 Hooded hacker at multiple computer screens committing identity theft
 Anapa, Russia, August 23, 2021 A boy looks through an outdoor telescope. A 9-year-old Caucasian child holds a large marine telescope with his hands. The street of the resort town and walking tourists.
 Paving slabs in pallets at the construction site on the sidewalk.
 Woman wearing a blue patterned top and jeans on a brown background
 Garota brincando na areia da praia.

...

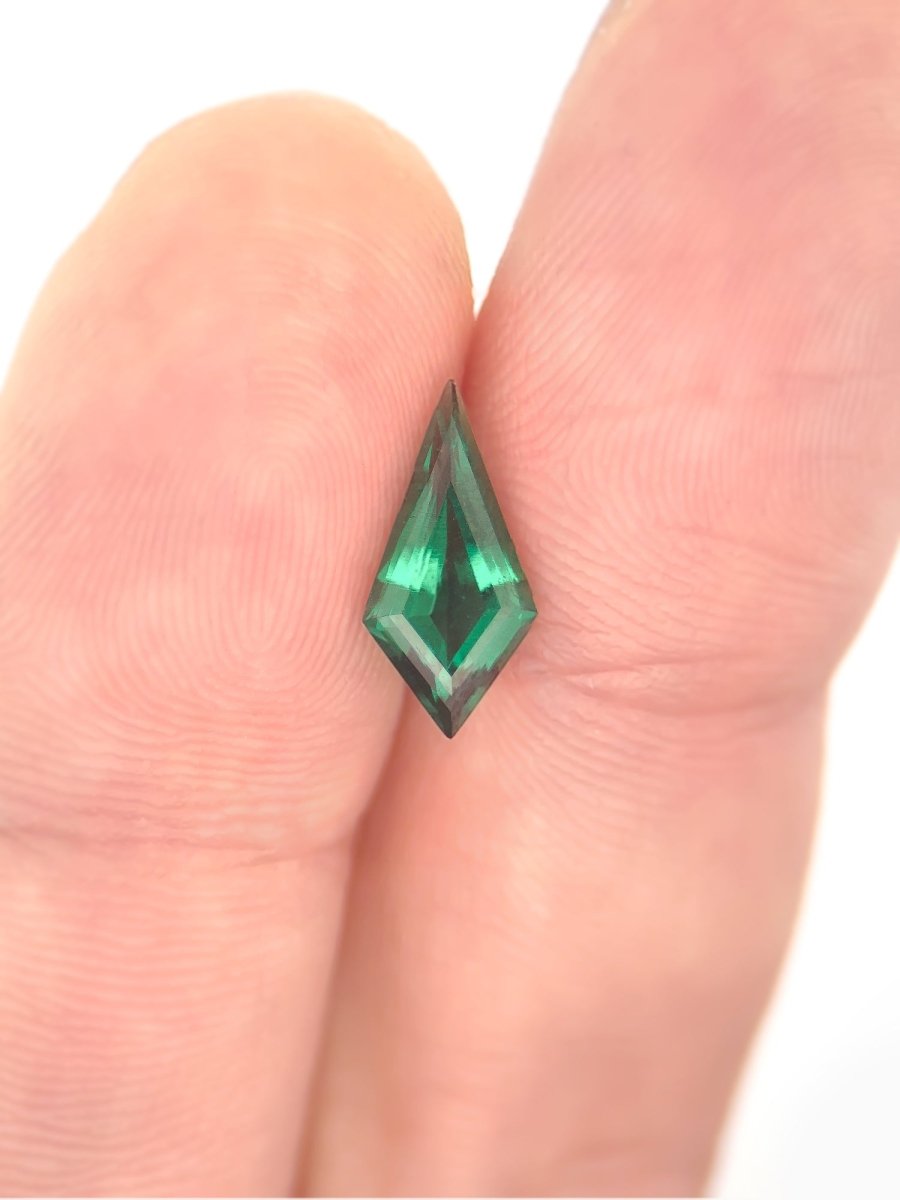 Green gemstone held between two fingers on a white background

EXERCISE GOAL ->
Since only part of the listing is wanted, copy exactly the lines from the one holding "Hooded hacker at" to the one holding "Garota brincando na areia da praia.", both included.

EXERCISE RESPONSE ->
 Hooded hacker at multiple computer screens committing identity theft
 Anapa, Russia, August 23, 2021 A boy looks through an outdoor telescope. A 9-year-old Caucasian child holds a large marine telescope with his hands. The street of the resort town and walking tourists.
 Paving slabs in pallets at the construction site on the sidewalk.
 Woman wearing a blue patterned top and jeans on a brown background
 Garota brincando na areia da praia.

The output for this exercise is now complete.